Example 4-1. Using split_string()

/*
string split_string (string unparsed, string delimiter, BEFORE/AFTER, INCL/EXCL)
Where
    unparsed is the string to parse
    delimiter defines boundary between substring you want and substring you don't want
    BEFORE indicates that you want what is before the delimiter
    AFTER indicates that you want what is after the delimiter
    INCL indicates that you want to include the delimiter in the parsed text
    EXCL indicates that you don't want to include the delimiter in the parsed text
*/

Simply pass split_string() the string you want to split, the delimiter where you want the split to occur, whether you want the portion of the string that is before or after the delimiter, and whether or not you want the delimiter to be included in the returned string. Example 4-2 shows examples of split_string() in action.
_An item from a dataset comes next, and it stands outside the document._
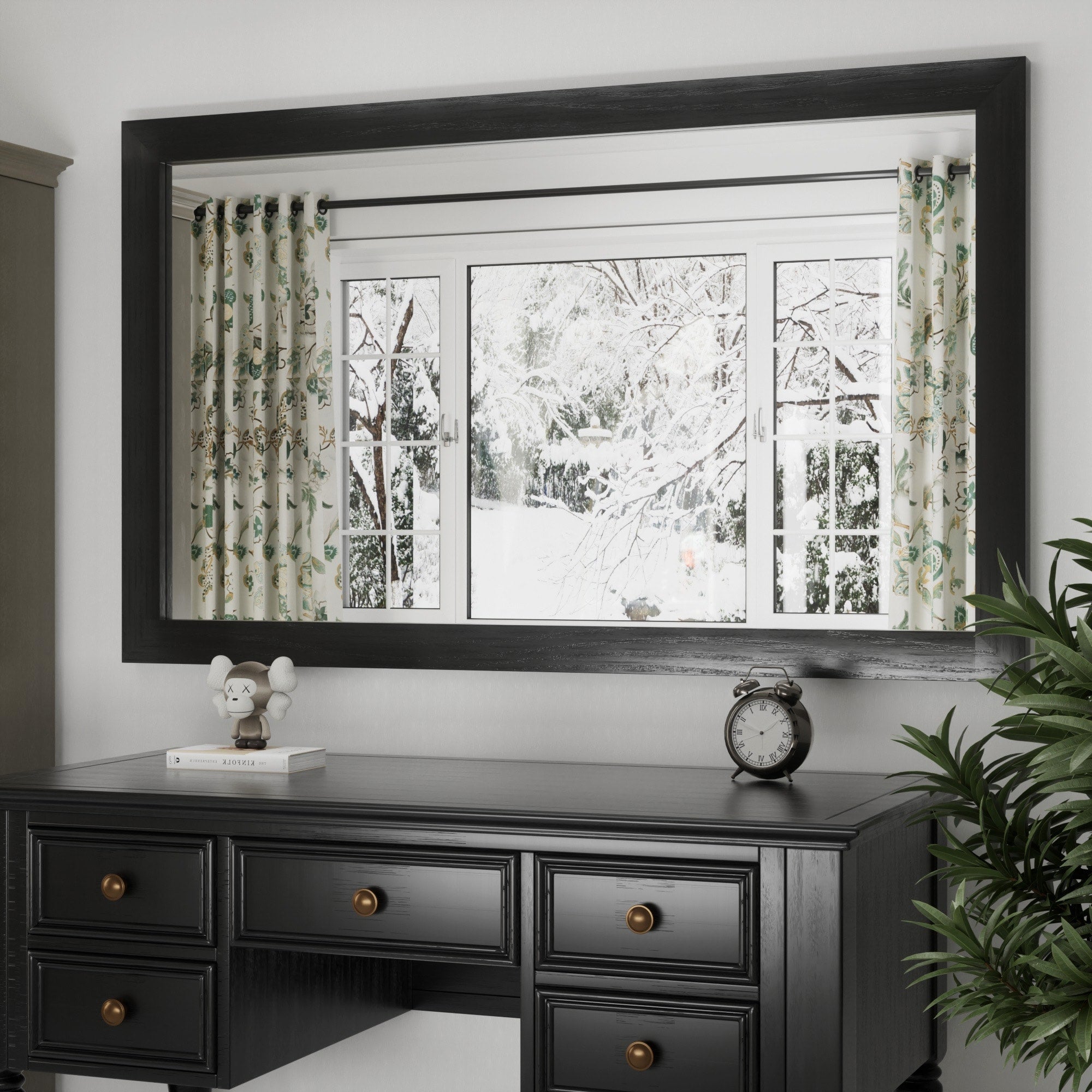 Miroirs muraux modernes, miroir rectangulaire avec cadre en bois, miroir de salle de bain, miroir de grange, miroir de porte de grange avec plusieurs tailles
Example 4-2. Examples of split_string() usage

include("LIB_parse.php");
$string = "The quick brown fox";

# Parse what's before the delimiter, including the delimiter
$parsed_text = split_string($string, "quick", BEFORE, INCL);
// $parsed_text = "The quick"

# Parse what's after the delimiter, but don't include the delimiter
$parsed_text = split_string($string, "quick", AFTER, EXCL);
// $parsed_text = "brown fox"

Parsing Text Between Delimiters: return_between()

Sometimes it is useful to parse text between two delimiters. For example, to parse a web page’s title, you’d want to parse the text between the <title> and </title> tags. Your webbots can use the return_between() function in LIB_parse to do this.

The return_between() function uses a start delimiter and an end delimiter to define a particular part of a string, as shown in Example 4-3.

Example 4-3. Using return_between()

/*
string return_between (string unparsed, string start, string end, INCL/EXCL)
Where
    unparsed is the string to parse
    start identifies the starting delimiter
    end identifies the ending delimiter
    INCL indicates that you want to include the delimiters in the parsed text
    EXCL indicates that you don't want to include delimiters in the parsed
text
*/

The script in Example 4-4 uses return_between() to parse the HTML title of a web page.

Example 4-4. Using return_between() to find the title of a web page

# Include libraries
include("LIB_parse.php");
include("LIB_http.php");

# Download a web page
$web_page = http_get($target="http://www.nostarch.com", $referer="");

# Parse the title of the web page, inclusive of the title tags
$title_incl = return_between($web_page['FILE'], "<title>", "</title>", INCL);

# Parse the title of the web page, exclusive of the title tags
$title_excl = return_between($web_page['FILE'], "<title>", "</title>", EXCL);

# Display the parsed text
echo "title_incl = ".$title_incl;
echo "\n";
echo "title_excl = ".$title_excl;

When Example 4-4 is run in a shell, the results should look like Example 4-5.

Example 4-5. Examples of using return_between(), with and without returned delimiters

title_incl = <title>No Starch Press</title>
title_excl = No Starch Press

Parsing a Data Set into an Array: parse_array()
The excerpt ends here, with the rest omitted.